A limo driver believes that he should be paid overtime.  He brings a lawsuit on both state and federal wage & hour laws.  But he believes that other similarly situated drivers should also be part of his lawsuit.

How does that happen? Well, he asks the court to represent all the other drivers as well. Most people know that as a “class action” but in wage & hour cases, there is also a significant difference too.

A new federal district court case in Connecticut illustrates that exact point fairly well.  (You can download the decision in Lassen v. Hoyt Livery here.)   In doing so, it also shows the key difference between federal law and state law.

A federal wage & hour claim on behalf of other employee is known as a “collective” action.   As the Supreme Court has said, a collective action is “fundamentally different” from a class action brought by the procedural rules set up for federal courts.

Unlike typical class action in which putative class members must opt out in order to remove themselves from the class, a FLSA collective action requires employees to affirmatively opt in to the case in order to join the collective action group.

But here’s where things get interesting, under Connecticut law, an employee who believes he is entitled to overtime, can also bring a claim. These claims can sometimes be brought in federal court too as a supplemental claim to the federal one.

In doing so, these claims are class actionsand not collective actions.  Thus, for state wage & hour class actions, the classes are opt-out.

Why is this important?

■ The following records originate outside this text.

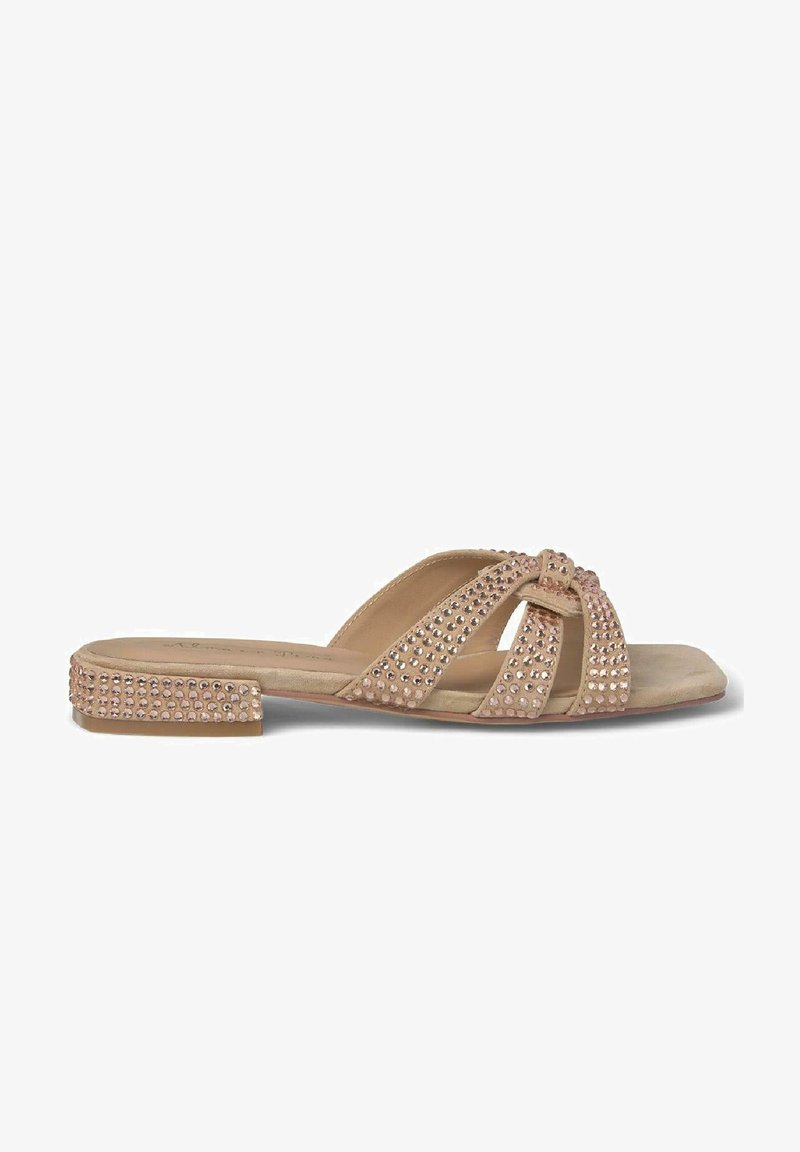 Sandale beige plate avec des brides croisées et de petits strass recouvrant les brides et le talon bas.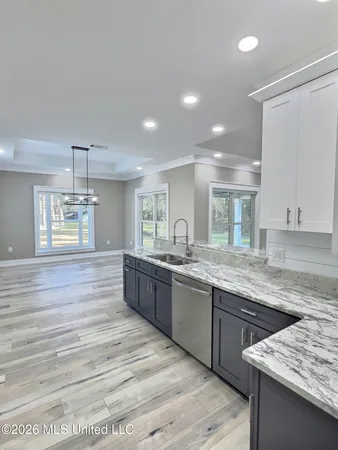 $899,999 | 3529 Government Street, Ocean Springs, MS 39564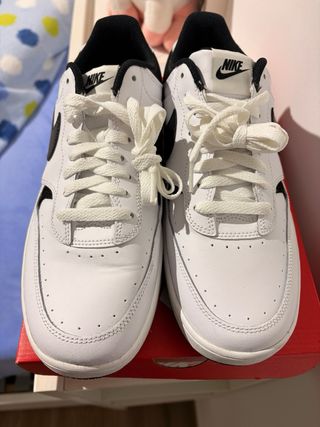 Nike Court Vision Low Blancas y Negras nuevas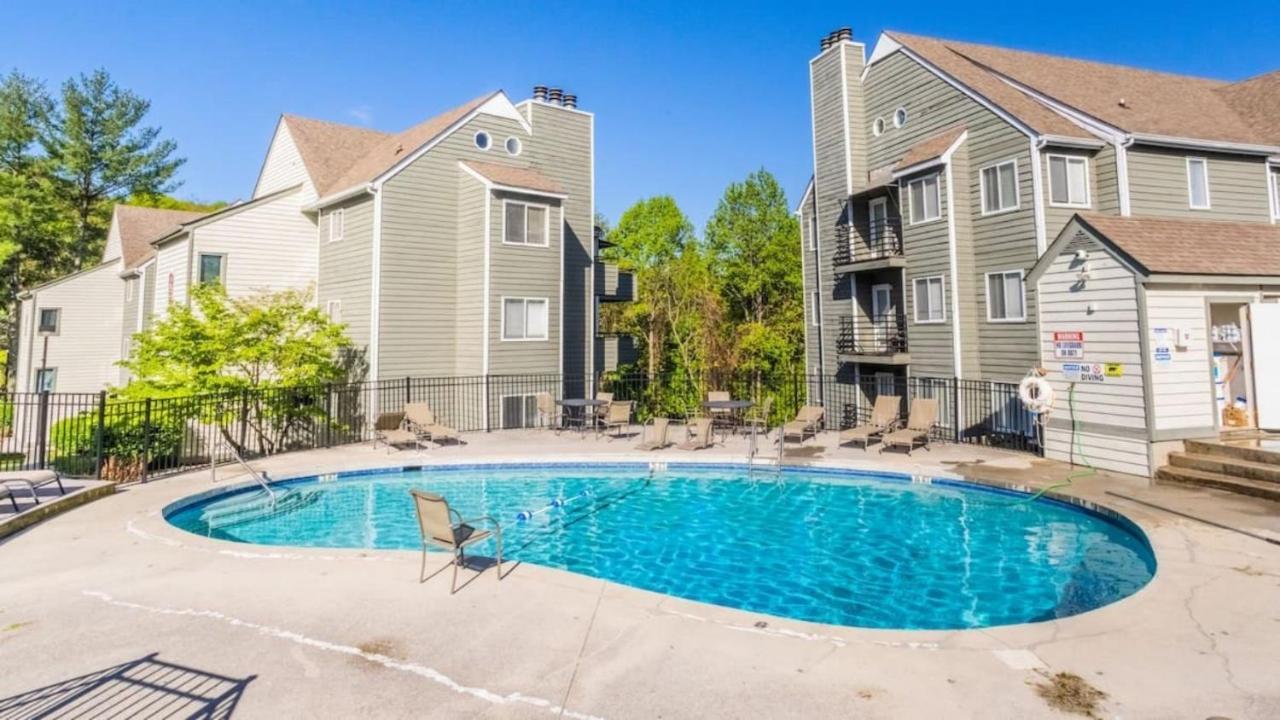 Sky High Views!!-Peak Mountaintop-Outdoor Pool-Close To Downtown-Private Balcony-Wifi-Cable Gatlinburg Luaran gambar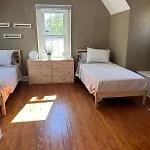 Rosslyn Retreat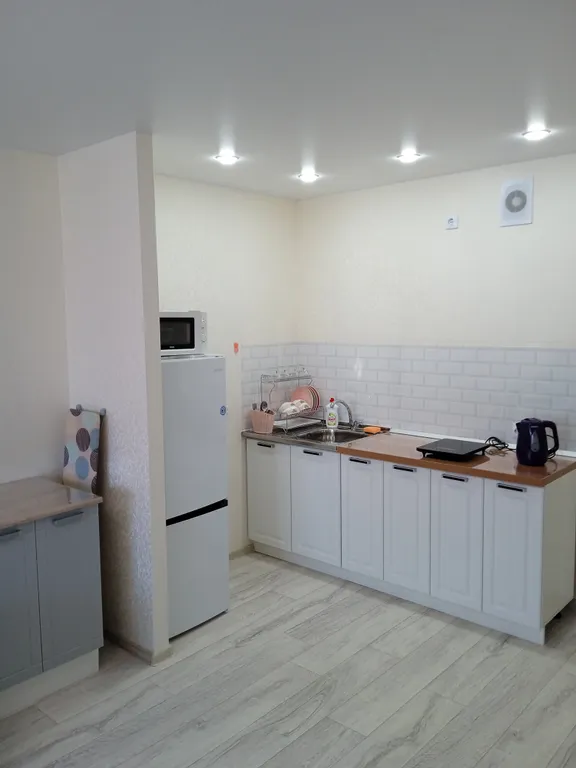 Просторная студия рядом с монастырем в новом доме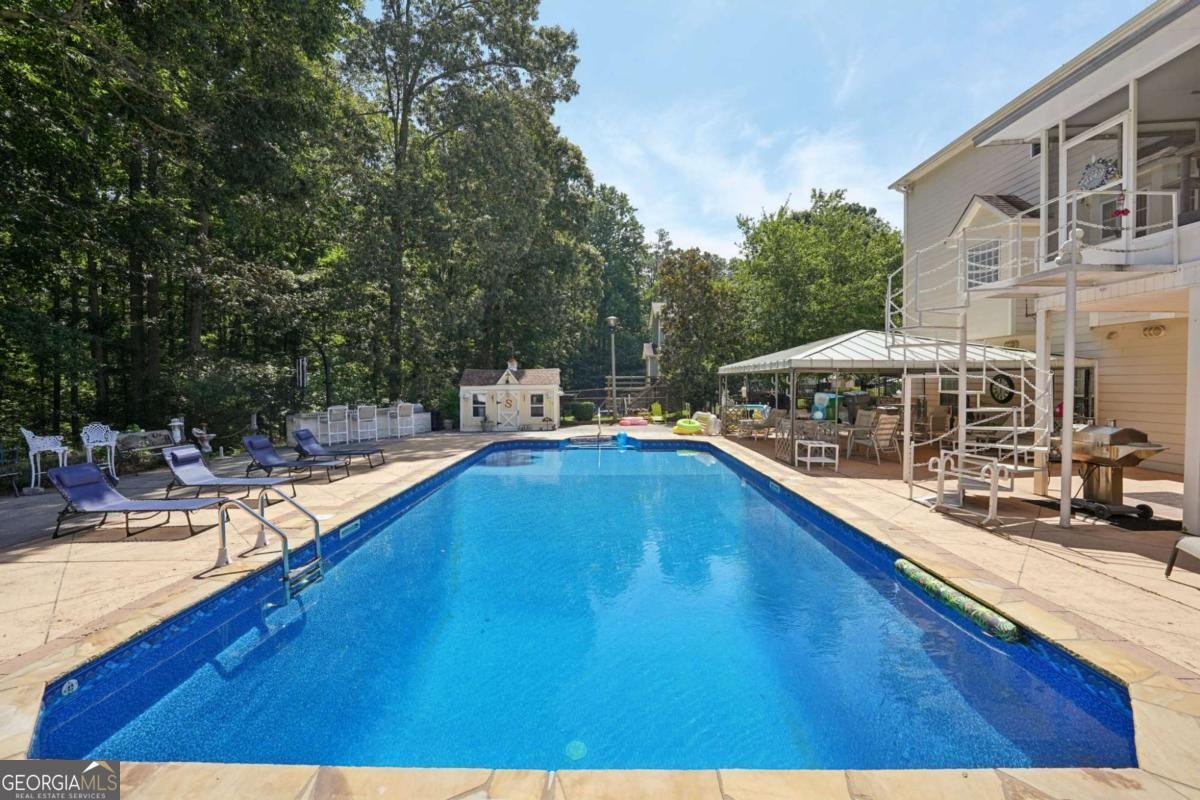 5492 Twin Oak Drive Douglasville - 63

Because in most instances, people do not typically opt out of class actions and are much more likely not to opt in.

In the limo driver case cited above, the court adopted both the collective and class actions into the case, thus requiring an opt-out notice for the state claim, and an opt-in notice for the federal claim.

How that shakes out in that particular case is anybody’s guess, but no doubt it’s a position that employers do not want to be in the first place.

Compliance with wage and hour laws — something I’ve preached for years — should remain a top priority for employers in the coming years.